▶ **Task requirements**
Could every entry be set down once more, exactly as given?

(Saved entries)
+ + + + +
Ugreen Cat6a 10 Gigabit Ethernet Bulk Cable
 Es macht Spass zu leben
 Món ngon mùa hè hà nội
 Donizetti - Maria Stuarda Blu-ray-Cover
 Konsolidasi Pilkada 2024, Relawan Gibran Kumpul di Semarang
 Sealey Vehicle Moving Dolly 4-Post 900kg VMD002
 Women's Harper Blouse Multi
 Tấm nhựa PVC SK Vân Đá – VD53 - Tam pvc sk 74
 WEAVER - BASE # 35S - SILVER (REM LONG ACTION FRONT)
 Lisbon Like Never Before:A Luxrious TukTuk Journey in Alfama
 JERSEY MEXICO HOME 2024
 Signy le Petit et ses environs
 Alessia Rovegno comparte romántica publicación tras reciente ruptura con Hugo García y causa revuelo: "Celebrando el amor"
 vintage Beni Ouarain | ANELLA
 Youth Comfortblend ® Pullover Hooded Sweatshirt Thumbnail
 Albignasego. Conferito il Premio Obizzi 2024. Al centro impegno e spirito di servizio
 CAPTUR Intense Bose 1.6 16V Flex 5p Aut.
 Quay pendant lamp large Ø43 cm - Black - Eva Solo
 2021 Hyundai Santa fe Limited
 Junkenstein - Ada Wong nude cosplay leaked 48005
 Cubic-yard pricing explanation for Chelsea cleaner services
+ + + + +
▶ **Response area**
Ugreen Cat6a 10 Gigabit Ethernet Bulk Cable
 Es macht Spass zu leben
 Món ngon mùa hè hà nội
 Donizetti - Maria Stuarda Blu-ray-Cover
 Konsolidasi Pilkada 2024, Relawan Gibran Kumpul di Semarang
 Sealey Vehicle Moving Dolly 4-Post 900kg VMD002
 Women's Harper Blouse Multi
 Tấm nhựa PVC SK Vân Đá – VD53 - Tam pvc sk 74
 WEAVER - BASE # 35S - SILVER (REM LONG ACTION FRONT)
 Lisbon Like Never Before:A Luxrious TukTuk Journey in Alfama
 JERSEY MEXICO HOME 2024
 Signy le Petit et ses environs
 Alessia Rovegno comparte romántica publicación tras reciente ruptura con Hugo García y causa revuelo: "Celebrando el amor"
 vintage Beni Ouarain | ANELLA
 Youth Comfortblend ® Pullover Hooded Sweatshirt Thumbnail
 Albignasego. Conferito il Premio Obizzi 2024. Al centro impegno e spirito di servizio
 CAPTUR Intense Bose 1.6 16V Flex 5p Aut.
 Quay pendant lamp large Ø43 cm - Black - Eva Solo
 2021 Hyundai Santa fe Limited
 Junkenstein - Ada Wong nude cosplay leaked 48005
 Cubic-yard pricing explanation for Chelsea cleaner services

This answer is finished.